[Opening Materials provided section]

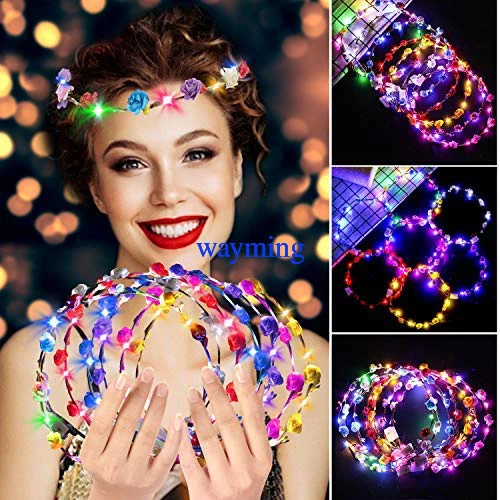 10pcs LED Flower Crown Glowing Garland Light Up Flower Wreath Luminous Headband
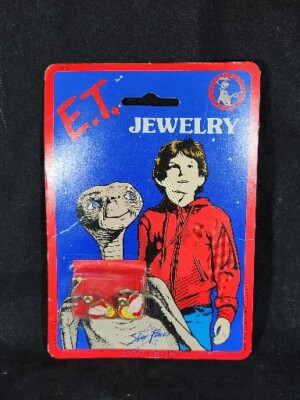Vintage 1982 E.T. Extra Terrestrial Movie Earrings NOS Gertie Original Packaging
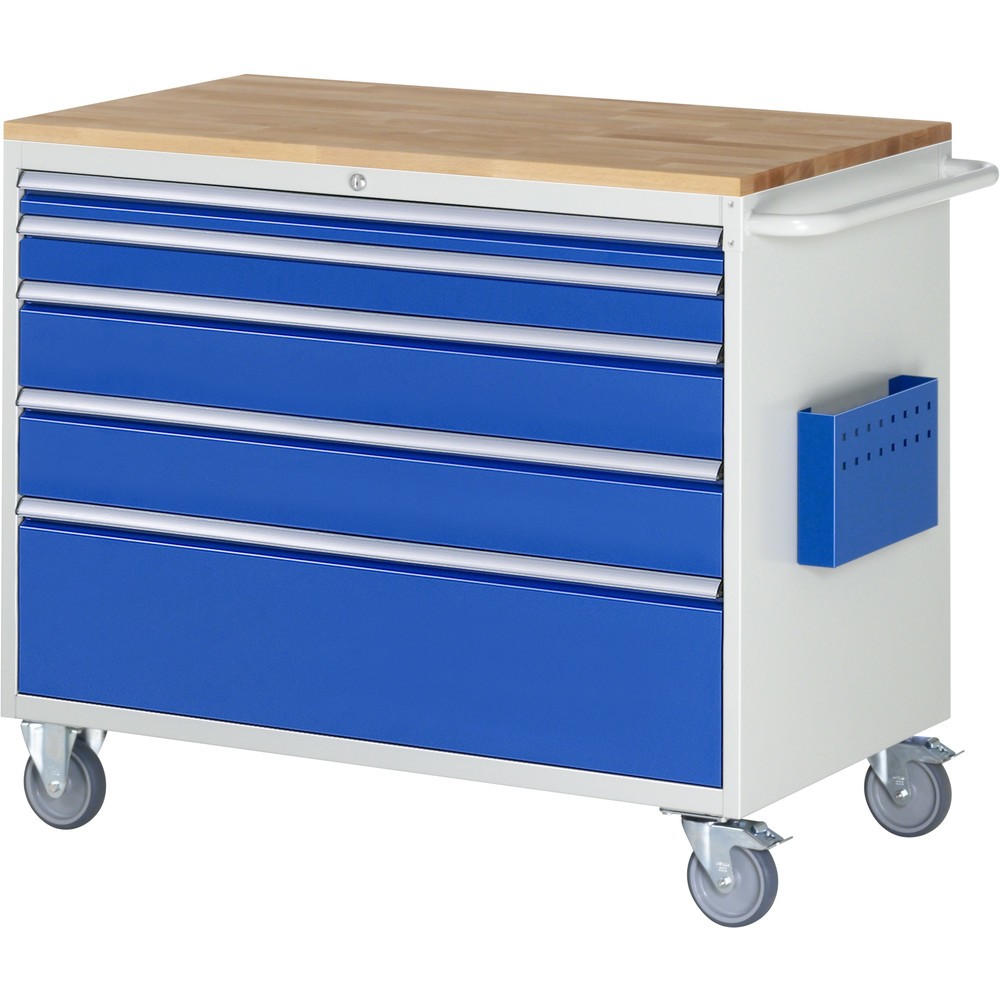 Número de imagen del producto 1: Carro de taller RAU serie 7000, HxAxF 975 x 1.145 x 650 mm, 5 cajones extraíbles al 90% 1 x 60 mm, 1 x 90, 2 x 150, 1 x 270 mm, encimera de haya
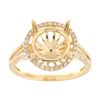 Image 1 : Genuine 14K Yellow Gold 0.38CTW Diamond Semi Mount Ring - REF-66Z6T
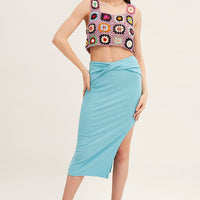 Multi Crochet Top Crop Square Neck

[Closing Materials provided section]

All lines above are to be restated word for word, with pictures excluded.

 10pcs LED Flower Crown Glowing Garland Light Up Flower Wreath Luminous Headband
Vintage 1982 E.T. Extra Terrestrial Movie Earrings NOS Gertie Original Packaging
 Número de imagen del producto 1: Carro de taller RAU serie 7000, HxAxF 975 x 1.145 x 650 mm, 5 cajones extraíbles al 90% 1 x 60 mm, 1 x 90, 2 x 150, 1 x 270 mm, encimera de haya
 Image 1 : Genuine 14K Yellow Gold 0.38CTW Diamond Semi Mount Ring - REF-66Z6T
 Multi Crochet Top Crop Square Neck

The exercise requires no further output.